We should put this somewhere else within zookeeper, as it stores a pointer to the file we actually care about. Push this into a new pointers folder
$ python file_pusher.py -f settings.txt -i pointer1 -p /tmp_pointers/ -z scdev
Now we have a pointer and the old config file. Let us make another config file for fun.
this is another config
Push it up.
$ python file_pusher.py -f settings2.txt -i myconfig2 -p /tmp/ -z scdev creaing conf node
So now we have two configuration files located at
/tmp/, and one pointer file located in
/tmp_pointers/. Now lets run our watcher in pointer mode, with the file path specifying the pointer path instead.
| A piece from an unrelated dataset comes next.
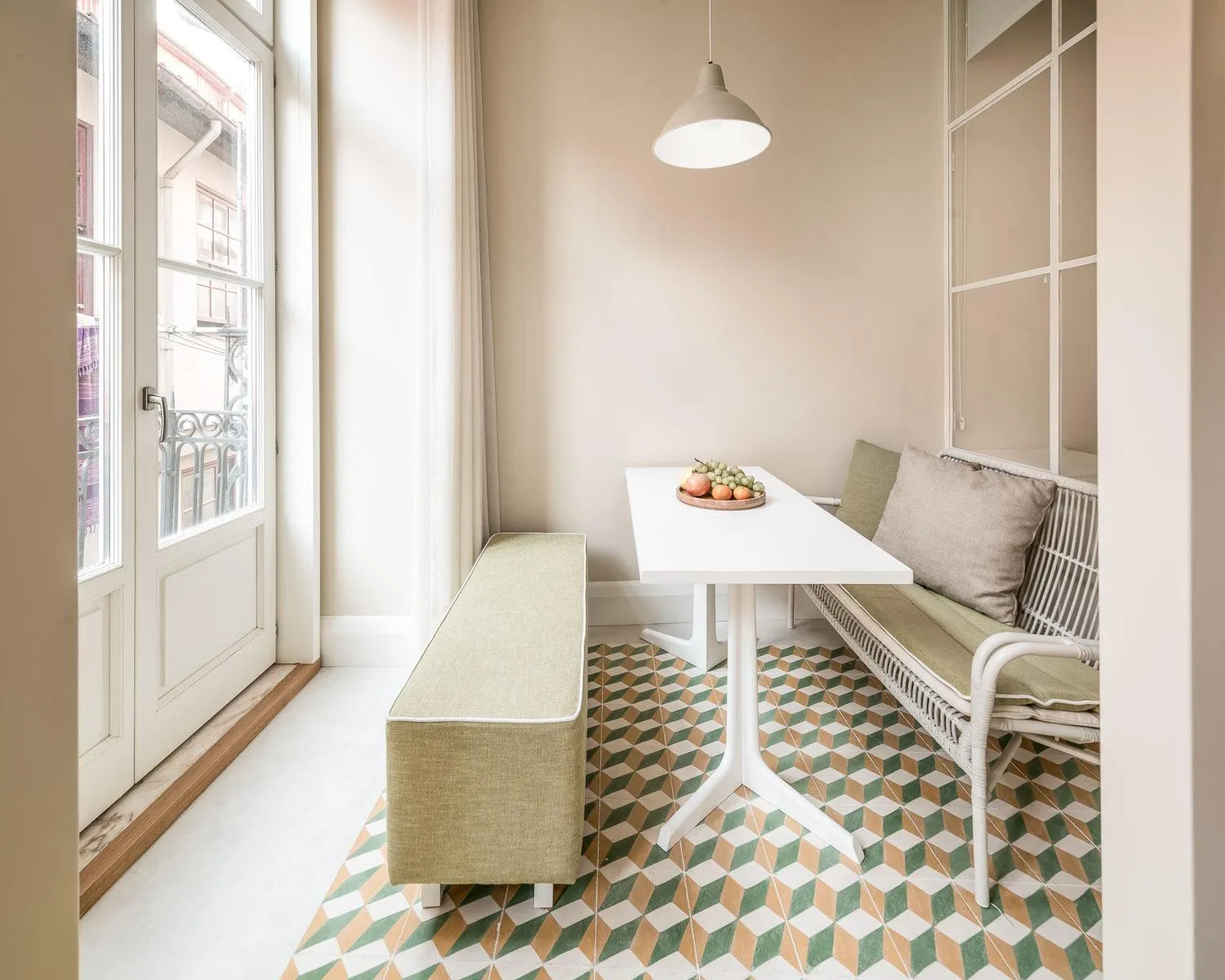 Decorative detail in Mouzinho 160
$ python example_zw.py -z scdev -f /tmp_pointers/pointer1 --event -p Your file contents: EVENT TRIGGER My configuration string here. Typically YAML or JSON The valid state is now True
Neat! It shows the actual configuration we care about, instead of the path pointer.
If you receive
The valid state is now False, An error was thrown: Invalid pointer path error, you most likely have a newline in your pointer file! This is very easy to eliminate with code, but can be hard to detect in typical text editors. You should have one line only in the pointer file
Now that we have the configuration we care about, with the watcher process still running we will change the configuration pointer, not the configuration file.
Lets push it up, and watch our configuration change.
$ python file_pusher.py -f settings.txt -i pointer1 -p /tmp_pointers/ -z scdev
Your file contents: this is another config
We also have the ability to update that configuration too.
this is another config I ADDED NEW STUFF
Push it up
$ python file_pusher.py -f settings2.txt -i mfig2 -p /tmp/ -z scdev
The change in the watcher process
Your file contents: this is another config I ADDED NEW STUFF
The example application received the updated changes of the file it is pointed at!
What we have here is the ability to have a ‘bank’ of configuration files within a centrally located place (Zookeeper). This allows us to only care where our ‘pointer’ sits, and be directed to the appropriate real configuration file. We will get the changes when the pointed at file is updated, or we need to point to a different file (updates to the pointer file).
Hopefully this example has shown the power behind the Zookeeper Watcher utility class. It allows your application to receive and act on updates to files stored within Zookeeper in an easy to use manner, without the overhead and complexity of setting up individual file notifications and management of them.